Hi Ms. Hamilton et al - here comes another of my inelegantly formed arguments -
I don't believe it's necessary to think in terms of sidereal and tropical regarding the Babylonian system, because I am not that sure that they used a sign/ruler zodiac anyway. Take a look at Gavin White's book 'Babylonian Star Lore' and let me know what you think. I think they were more concerned about the groupings of the stars, and such things as which of the three 'paths' were in some position relative to the rising and setting stars (including the planets). I know that this does not sound like much of an astrological system, but if you think of all the possible phases of the planets, the swift movement of the Moon, the declinations (which were probably a factor because it would help determine co-rising and setting stars and the degree North and South of due east at which the Sun would rise, etc.) and other things they used, they probably had more than enough to satisfy a very fate conscious king (as opposed to a very scandal hungry merchant's wife, who would have had to be satisfied with sheep entrails - astrology would have been the property of the 'cultural elite' I guess).
Nevertheless, I have, for a long time, considered precession correction (excluding the Indian dasa systems) the only reason to use a sidereal zodiac. To me, the system of signs was based on the solstices and equinoxes, not because of Europe's seasons, but because they are the pivot points of the Sun's apparent path. The reason I think that the apparent path is so important is because, as in Plato's Cave, we see the shadows - the analemma is how we see our course through space. The points at which the apparent path of the Sun and the orbit of the Earth converge or are at their limits of separation are functions of obliquity of the ecliptic, right ascension and declination. Just like plotting a sine wave on the X and Y axis - the equinoxes would be the places where the curve crossed the Y axis, and the solstices would be the positive and negative extremes on the X. I believe that the signs show the effects of the Sun's rays from the solstices and equinoxes, rather than to describe the effects of 12 rectangular batches of stars - in other words, Virgo is like it is because it receives a ray from the goat-horned one and the crab (2 of the 4 Trigons) etc., not because Spica is somewhere inside the virtual rectangle.
The old 8 house scheme, in which the heavens are divided by time, rather than geometry, gives us a sense of the planetary position relative to the horizon and the meridian of longitude, and their midpoint. This type of divisional scheme does not consider the declination cycle of the Sun as being a linchpin of the system - it is more like a proto-Gaquelin-sector expressiveness measurement (Indian astrologers call this Kendra Bala). Consequently, for this design, the 'quality of time' has nothing to do with geometry, it is all about local and apparent celestial phenomena and planetary expressiveness.
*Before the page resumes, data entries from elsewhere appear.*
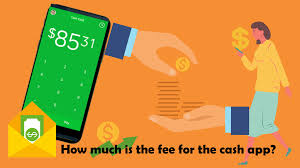 A service fee for each transaction and, depending on market activity, an additional fee determined by. How Much Is The Fee For Cash App Cash App Charges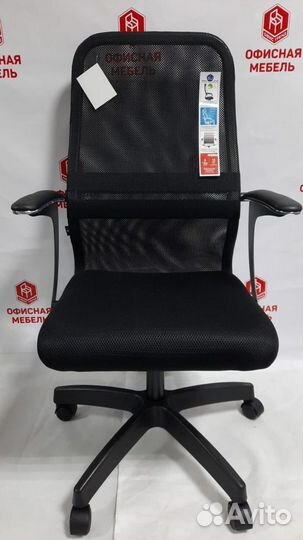 Кресло офисное Метта SU-CU160-8P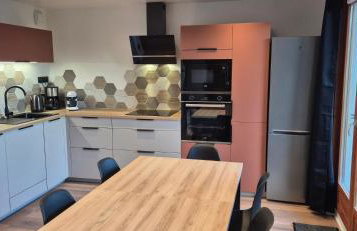Appartement la Toussuire, Piscine - Foto 6
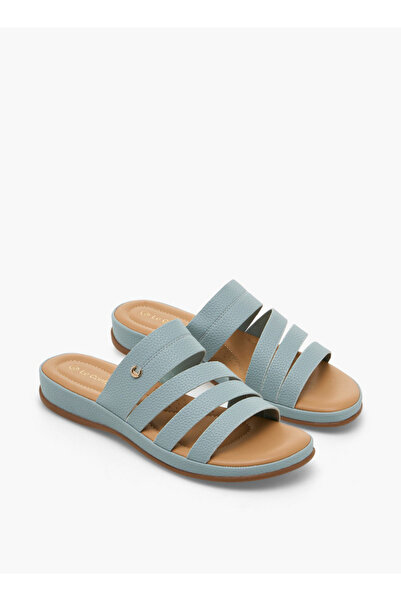 Le Confort Women Slip-On Comfort Sandals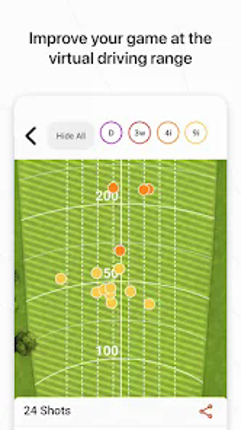 Garmin Golf Image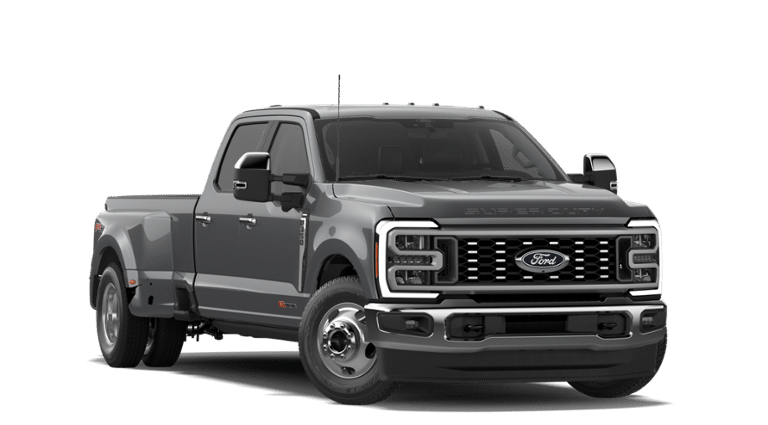 Ford Super Duty F-350® Lariat® 2027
In a scheme like this, essential dignities based on the ecliptic really aren't essential are they? In other words, this view is all about the background of the fixed stars, relative to the appearance and disappearance of a planet, or its relationship to dominant (angular) positions. I think this is where Fagan was going when he began to abandon the zodiac. Nevertheless, considering the methods of progression and such that are used in this system, a totally apparent sky/planet centered system is neither inconceivable nor inadequate to symbolize events in our lives.
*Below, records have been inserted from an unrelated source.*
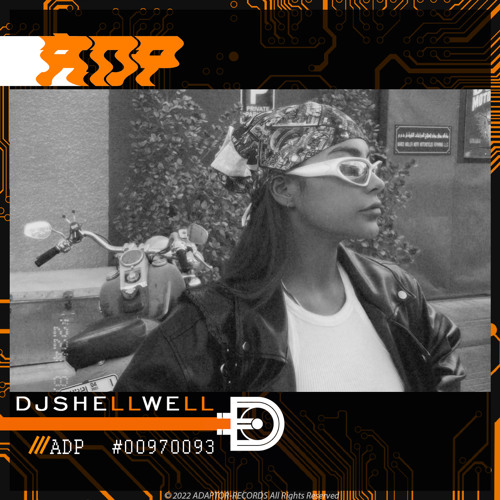 ADP Podcast #00971093 by Shellwell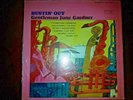 Gentleman June Gardner ?– Bustin' Out vinyl MINT++ Jazz, Funk / Soul STEREO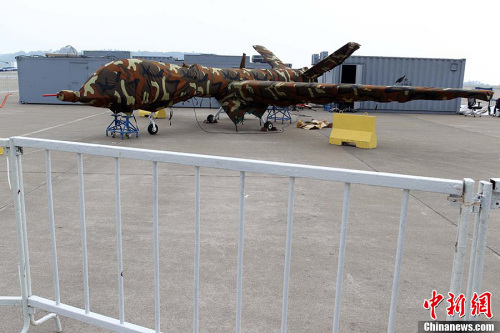 ����ǰ�Ɍ��麣��չ��չ��ģ�͵������o�˙C(j��)���ڽ��꺽չ���Ԍ��չ��11��8����ԓ�C(j��)�ѽ�(j��ng)�M�b�ꮅͣ����չƺ�ϡ�ԓ��o�˙C(j��)���к����I(y��)���³ɶ��w�C(j��)�O(sh��)Ӌ�о���������ԓ�C(j��)�b��һ�_100�R�������l(f��)�әC(j��)���߂�ȫ����ƽ݆ʽ�𽵺��w��������������w�����_(d��)1100����������m(x��)���r�g��20��С�r���ɔy�����N�ɲ�����������/�y�ࡢ��ӌ����O(sh��)�估С�Ϳյش���������Ɉ�(zh��)�бO(ji��n)ҕ���ɲ鼰���ع����΄�(w��)���΄�(w��)��Ҳ�����ھS��(w��n)��������߅��Ѳ߉����犷� �z �DƬ��Դ��CFPҕ�X�Ї�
I do not discount the viability of the sidereal zodiac, nor the techniques used by either eastern or western siderealists. I use them and understand them myself. I believe that these are different systems, different schemes, developed with an internal coherence of their own. I do not believe it is necessary to expect the sidereal "signs" to act the same way the tropical signs do. In fact, I believe that the sidereal 'zodiac' is just the tropical zodiac based on the time of convergence, when precession held the vernal equinox close to 0 Aries. I think that the genius of the tropical system is in its integration of geometry into a system based on the relationship between the Earth and the Sun. I think the genius of the sidereal system is the integration of the 'mundane' sphere and the planets into a useful system of omens based on the relationship between the individual, the Earth and the heavens. I don't think the sidereal system needs a zodiac analogous to the tropical one, any more than the tropical zodiac needs a 13th sign.
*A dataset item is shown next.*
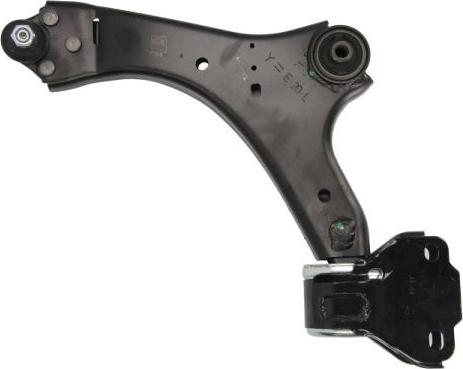 REINHOCH RH04-4033 - Track Control Arm www.parts5.com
Some time ago I tried the Hellenistic time-lord systems in the sidereal zodiac to see if I could get anywhere near the level of accuracy that I did with Dasa systems. They failed. I started running them in the tropical system and, yep, they worked fine, and are working better now that I am learning more about the system of Hermes. Plus, the Hellenistic authors explain little things, like why the minor periods of the planets are what they are. I get more from studying these methods than "it's in the book", or "it's what the guru has blessed us with" when I ask why something is as it is. Do Narayana Dasa in the Tropical zodiac - I think you'll be surprised.